**Exercise brief**:
Beneath this line are the data; copy exactly the part of them that opens with the line containing "5033 Walker Street - Photo Thumbnail 5" and closes with the line containing "Ray-Ban Meta Skyler", and only that part.

Data entries
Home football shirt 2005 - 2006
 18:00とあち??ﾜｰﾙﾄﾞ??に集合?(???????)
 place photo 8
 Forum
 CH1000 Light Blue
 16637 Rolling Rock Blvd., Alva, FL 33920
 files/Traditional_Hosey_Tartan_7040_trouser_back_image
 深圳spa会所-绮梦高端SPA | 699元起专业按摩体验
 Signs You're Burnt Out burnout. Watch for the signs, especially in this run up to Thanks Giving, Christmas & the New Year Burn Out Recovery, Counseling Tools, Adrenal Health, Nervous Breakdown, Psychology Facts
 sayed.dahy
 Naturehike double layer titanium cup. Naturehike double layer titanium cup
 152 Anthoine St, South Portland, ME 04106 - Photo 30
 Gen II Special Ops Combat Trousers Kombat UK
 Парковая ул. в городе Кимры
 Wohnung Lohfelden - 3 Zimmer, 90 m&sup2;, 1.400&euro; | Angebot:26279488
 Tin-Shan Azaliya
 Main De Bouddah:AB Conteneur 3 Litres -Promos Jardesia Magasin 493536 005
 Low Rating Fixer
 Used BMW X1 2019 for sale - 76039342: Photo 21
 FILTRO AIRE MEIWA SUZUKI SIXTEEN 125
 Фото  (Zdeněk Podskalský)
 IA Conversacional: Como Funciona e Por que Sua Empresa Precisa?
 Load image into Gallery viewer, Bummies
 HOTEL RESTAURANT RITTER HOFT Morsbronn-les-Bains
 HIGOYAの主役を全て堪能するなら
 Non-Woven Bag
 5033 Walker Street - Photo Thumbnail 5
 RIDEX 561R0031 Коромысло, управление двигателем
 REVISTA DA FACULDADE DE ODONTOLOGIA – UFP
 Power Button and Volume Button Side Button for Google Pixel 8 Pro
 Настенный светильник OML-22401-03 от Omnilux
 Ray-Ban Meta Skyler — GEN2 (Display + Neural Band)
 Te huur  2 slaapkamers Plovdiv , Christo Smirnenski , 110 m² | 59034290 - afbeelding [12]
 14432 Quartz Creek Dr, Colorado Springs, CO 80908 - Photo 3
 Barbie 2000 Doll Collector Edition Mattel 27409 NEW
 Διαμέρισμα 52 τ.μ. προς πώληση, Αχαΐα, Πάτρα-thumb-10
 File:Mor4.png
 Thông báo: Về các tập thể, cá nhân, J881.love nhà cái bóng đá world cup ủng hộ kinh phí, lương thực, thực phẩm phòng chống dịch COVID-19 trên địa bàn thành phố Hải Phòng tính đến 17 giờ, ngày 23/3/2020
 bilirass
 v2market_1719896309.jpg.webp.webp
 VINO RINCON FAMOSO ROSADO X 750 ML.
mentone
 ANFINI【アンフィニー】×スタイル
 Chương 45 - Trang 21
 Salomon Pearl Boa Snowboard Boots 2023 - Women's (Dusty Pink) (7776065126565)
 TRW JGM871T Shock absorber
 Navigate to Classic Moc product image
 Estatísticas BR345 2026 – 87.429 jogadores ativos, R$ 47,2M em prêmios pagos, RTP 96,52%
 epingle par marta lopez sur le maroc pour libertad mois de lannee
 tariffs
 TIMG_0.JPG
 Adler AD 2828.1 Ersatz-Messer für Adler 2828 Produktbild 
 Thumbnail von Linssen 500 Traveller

**Solution to the exercise**:
 5033 Walker Street - Photo Thumbnail 5
 RIDEX 561R0031 Коромысло, управление двигателем
 REVISTA DA FACULDADE DE ODONTOLOGIA – UFP
 Power Button and Volume Button Side Button for Google Pixel 8 Pro
 Настенный светильник OML-22401-03 от Omnilux
 Ray-Ban Meta Skyler — GEN2 (Display + Neural Band)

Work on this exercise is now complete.